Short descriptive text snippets

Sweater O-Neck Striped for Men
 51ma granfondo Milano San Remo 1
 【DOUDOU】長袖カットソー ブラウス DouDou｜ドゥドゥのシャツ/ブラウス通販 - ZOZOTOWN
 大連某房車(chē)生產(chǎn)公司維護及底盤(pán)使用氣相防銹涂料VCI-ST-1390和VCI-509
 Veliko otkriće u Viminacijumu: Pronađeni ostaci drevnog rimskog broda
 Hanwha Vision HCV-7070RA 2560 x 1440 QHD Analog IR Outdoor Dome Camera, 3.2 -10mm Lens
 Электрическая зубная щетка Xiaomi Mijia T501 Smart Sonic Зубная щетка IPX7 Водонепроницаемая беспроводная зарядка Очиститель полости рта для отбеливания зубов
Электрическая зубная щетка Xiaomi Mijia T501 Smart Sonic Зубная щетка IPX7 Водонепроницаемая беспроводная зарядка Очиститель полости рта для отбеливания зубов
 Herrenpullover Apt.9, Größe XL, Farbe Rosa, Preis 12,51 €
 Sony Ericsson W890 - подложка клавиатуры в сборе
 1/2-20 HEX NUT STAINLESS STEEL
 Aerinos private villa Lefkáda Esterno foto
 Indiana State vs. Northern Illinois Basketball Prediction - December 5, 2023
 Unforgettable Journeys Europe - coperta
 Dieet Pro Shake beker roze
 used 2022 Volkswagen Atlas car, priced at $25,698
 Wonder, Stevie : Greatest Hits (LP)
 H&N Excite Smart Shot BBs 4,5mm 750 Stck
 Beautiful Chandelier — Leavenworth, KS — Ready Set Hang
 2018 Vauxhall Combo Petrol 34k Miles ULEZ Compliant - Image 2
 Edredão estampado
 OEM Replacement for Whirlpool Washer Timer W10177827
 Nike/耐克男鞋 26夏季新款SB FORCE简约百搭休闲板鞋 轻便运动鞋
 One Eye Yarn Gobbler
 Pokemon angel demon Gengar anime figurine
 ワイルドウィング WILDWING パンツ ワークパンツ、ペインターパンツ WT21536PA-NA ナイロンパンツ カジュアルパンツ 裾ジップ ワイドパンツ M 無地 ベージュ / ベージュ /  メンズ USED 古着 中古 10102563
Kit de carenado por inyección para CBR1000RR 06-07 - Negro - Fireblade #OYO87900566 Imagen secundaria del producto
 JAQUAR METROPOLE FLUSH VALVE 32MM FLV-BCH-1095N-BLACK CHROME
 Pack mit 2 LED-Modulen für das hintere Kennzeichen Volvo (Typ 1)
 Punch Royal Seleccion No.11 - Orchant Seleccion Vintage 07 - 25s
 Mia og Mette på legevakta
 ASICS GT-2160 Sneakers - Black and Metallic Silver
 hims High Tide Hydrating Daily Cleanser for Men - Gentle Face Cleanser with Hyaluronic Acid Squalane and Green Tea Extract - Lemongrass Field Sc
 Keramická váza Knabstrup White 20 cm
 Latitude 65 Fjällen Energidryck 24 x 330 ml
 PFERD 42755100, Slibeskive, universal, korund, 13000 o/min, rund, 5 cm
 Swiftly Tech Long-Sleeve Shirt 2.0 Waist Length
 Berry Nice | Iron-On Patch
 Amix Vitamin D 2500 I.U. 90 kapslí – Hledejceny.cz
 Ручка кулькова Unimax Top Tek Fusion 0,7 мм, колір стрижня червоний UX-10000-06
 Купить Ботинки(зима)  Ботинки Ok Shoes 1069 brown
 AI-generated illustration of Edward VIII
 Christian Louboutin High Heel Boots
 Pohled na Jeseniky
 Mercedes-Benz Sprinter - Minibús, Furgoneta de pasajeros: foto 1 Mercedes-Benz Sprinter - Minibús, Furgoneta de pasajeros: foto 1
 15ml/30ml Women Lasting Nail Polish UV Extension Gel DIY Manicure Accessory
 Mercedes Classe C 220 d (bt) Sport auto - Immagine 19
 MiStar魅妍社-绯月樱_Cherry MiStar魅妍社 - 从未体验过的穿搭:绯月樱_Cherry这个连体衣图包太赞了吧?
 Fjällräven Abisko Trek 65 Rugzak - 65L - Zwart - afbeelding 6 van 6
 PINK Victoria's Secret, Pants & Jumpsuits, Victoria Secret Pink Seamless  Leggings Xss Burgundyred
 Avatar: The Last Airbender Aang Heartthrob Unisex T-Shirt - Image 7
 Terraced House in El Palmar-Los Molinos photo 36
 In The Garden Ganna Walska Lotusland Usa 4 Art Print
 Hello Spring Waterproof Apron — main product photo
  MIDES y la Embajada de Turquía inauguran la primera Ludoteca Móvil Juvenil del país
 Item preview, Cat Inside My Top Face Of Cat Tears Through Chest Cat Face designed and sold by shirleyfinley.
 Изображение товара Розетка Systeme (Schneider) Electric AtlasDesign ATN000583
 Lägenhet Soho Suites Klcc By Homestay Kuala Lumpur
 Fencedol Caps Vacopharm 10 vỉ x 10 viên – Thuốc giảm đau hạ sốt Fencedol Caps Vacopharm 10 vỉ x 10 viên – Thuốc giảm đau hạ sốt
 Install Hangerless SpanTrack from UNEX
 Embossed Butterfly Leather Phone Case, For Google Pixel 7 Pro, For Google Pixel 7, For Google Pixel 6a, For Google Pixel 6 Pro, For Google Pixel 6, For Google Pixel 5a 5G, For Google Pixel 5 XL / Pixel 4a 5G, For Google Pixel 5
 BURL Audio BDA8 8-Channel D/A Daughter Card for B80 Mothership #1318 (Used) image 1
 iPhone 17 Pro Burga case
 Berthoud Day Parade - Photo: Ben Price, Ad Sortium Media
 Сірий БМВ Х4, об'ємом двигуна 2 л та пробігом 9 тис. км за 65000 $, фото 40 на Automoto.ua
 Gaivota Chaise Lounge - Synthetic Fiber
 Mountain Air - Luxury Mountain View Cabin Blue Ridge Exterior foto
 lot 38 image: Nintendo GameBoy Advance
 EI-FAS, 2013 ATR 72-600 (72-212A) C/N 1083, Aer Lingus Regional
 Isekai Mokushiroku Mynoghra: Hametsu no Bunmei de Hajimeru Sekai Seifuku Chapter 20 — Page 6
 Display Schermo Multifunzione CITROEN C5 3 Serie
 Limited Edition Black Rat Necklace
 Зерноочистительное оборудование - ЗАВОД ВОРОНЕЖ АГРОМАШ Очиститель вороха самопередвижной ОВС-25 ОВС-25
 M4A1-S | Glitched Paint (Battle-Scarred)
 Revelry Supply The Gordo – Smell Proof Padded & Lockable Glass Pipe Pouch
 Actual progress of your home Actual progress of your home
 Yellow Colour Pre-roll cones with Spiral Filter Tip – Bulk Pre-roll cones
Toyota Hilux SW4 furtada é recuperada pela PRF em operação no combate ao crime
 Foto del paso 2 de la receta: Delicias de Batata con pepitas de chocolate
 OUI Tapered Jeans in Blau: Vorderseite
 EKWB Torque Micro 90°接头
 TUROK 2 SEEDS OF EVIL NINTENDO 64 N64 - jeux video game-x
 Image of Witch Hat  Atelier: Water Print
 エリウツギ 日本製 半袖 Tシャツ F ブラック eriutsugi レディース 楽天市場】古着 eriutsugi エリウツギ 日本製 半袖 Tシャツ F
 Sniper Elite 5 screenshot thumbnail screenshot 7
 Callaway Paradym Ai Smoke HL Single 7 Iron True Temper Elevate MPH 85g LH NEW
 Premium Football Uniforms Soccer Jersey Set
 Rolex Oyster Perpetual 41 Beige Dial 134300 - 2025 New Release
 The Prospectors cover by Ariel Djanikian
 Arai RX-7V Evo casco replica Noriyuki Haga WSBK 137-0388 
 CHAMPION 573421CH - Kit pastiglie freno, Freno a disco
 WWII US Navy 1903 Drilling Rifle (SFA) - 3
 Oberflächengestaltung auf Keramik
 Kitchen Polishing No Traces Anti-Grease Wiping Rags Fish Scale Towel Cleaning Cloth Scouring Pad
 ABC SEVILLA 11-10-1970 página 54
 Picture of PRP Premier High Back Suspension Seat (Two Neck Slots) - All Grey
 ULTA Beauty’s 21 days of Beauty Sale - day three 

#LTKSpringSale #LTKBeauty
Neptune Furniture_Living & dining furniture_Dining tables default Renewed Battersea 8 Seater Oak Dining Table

*WHAT IS EXPECTED*
Please find every line in the records above that holds the word "Shirt" and copy it.

*OUTPUT FOR THIS TASK*
 Swiftly Tech Long-Sleeve Shirt 2.0 Waist Length
 Avatar: The Last Airbender Aang Heartthrob Unisex T-Shirt - Image 7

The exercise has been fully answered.